Received Best Interactive Paper Prize at the IFAC World Congress 2017

Jul 16, 2017

We are very happy to accounce that we have been awarded the IFAC Congress Best Interactive Paper Prize at the 2017 IFAC World Congress in Toulouse. Our contribution

Robust adaptive output-feedback tracking control for microalgae cultures by Alexander Schaum, Henning Weisbarth and Thomas Meurer

was thereby selected from 612 papers that were presented in the Interactive Paper category.

In the paper a feedforward-feedback control strategy for trajectory tracking of microalgae cultures is developed and experimentally evaluated. On the basis of the Droop model, an inversion-based feedforward control is determined which steers the biomass from given initial to final values in a finite, prescribed time. Model-free feedback control is employed for disturbance resiliance and improving the stability properties of the desired trajectory. The approach is evaluated using numerical simulations and experiments in a lab-scale photocatalytic reactor with Chlorella sorokiniana.


This project was partly supported by the Cluster of Excellence ”The Future Ocean”. The ”Future Ocean” is funded within the framework of the Excellence Initiative by the Deutsche Forschungsgemeinschaft (DFG) on behalf of the German federal and state governments.

New publication on model-based control in deep drawing processes

May 07, 2017

Böhm, T.; Meurer, T.: Trajectory Planning and Tracking Control for the Temperature Distribution in a Deep Drawing Tool, Control Engineering Practice, 64, 127-139, 2017.

Use this link provided by the publisher to access the article without registration or sign-up (valid until June 24th, 2017).


The deep drawing process and the resulting product quality essentially rely on the temperature distribution inside the tool. For temperature manipulation and control a flatness-based design technique for thermal trajectory planning and feedforward control for a deep drawing tool is developed based on a distributed parameter system description. Heating cartridges, that are embedded into the tool structure, serve as actuators to insert energy into the system with the desire to transfer the spatial-temporal temperature distribution from an initial to a desired final stationary profile. To address the complex-shaped geometry of the tool a high-order finite element (FE) approximation is deduced and combined with model-order reduction techniques to determine a sufficiently low order system representation that is applicable for optimal actuator placement. For this, a mixed-integer optimization problem is formulated based on a particular reduced-order formulation of the controllability Gramian. The resulting actuator configuration is exploited for flatness-based trajectory planning by constructing a virtual output that differentially parametrizes any system state and input. This implies a particularly intuitive approach to solve the thermal trajectory planning problem. Convergence of the differential parametrization is analyzed in the continuous limit as the finite element approximation approaches the continuum model. Re-summation techniques are integrated into the design to enhance the domain of applicability of the approach. The feedforward control is combined with industry-standardized proportional-integral-derivative (PID) output error feedback control within the so-called two-degree-of-freedom (2DOF) control concept. Simulation and experimental results obtained for a fully equipped forming tool are presented and confirm the applicability of the proposed design technique and the tracking performance. In addition, the results of this paper present a first experimental validation of flatness-based trajectory planning for thermal systems with three-dimensional spatial domain.
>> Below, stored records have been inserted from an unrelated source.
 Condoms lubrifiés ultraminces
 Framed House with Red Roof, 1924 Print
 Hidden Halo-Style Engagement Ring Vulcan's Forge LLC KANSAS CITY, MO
New DFG-ANR cooperation project has started

Mar 20, 2017

The project "Interconnected infinite-dimensional systems for heterogeneous media" (INFIDHEM) has started with a kick-off meeting in Lyon from March 1st to 2nd, 2017.  The project is devoted to the analysis and the control of partial differential equations and the technological application of the developed methods. This German-French research project is jointly funded by the Deutsche Forschungsgemeinschaft (DFG) and its French counterpart, L'Agence nationale de la recherche (ANR), for a period of three years with a volume of 1.4 Mio. EUR. 

Project partners are

  • Wuppertal University (Prof. Birgit Jacob)
  • Technical University Munich (Prof. Boris Lohmann)
  • Kiel University (Prof. Thomas Meurer)
  • École Nationale Supérieure de Mécanique Microtechniques (Prof. Yann Le Gorrec)
  • Université Claude Bernard Lyon 1 (Prof. Bernhard Maschke)
  • École Nationale Supérieure de l’Aéronautique et de l’Espace (Prof. Denis Matignon)


Thomas Meurer new chair of VDI/GMA Technical Committee 1.40

Sep 25, 2016

In September 2016 Prof. Meurer has been elected as new chair of the Technical Committee 1.40 'Theoretical Methods of Closed-loop Control Engineering' of the VDI Society Measurement and Automatic Control (GMA). 

Further information about the activities of the committee can be found here (in German). 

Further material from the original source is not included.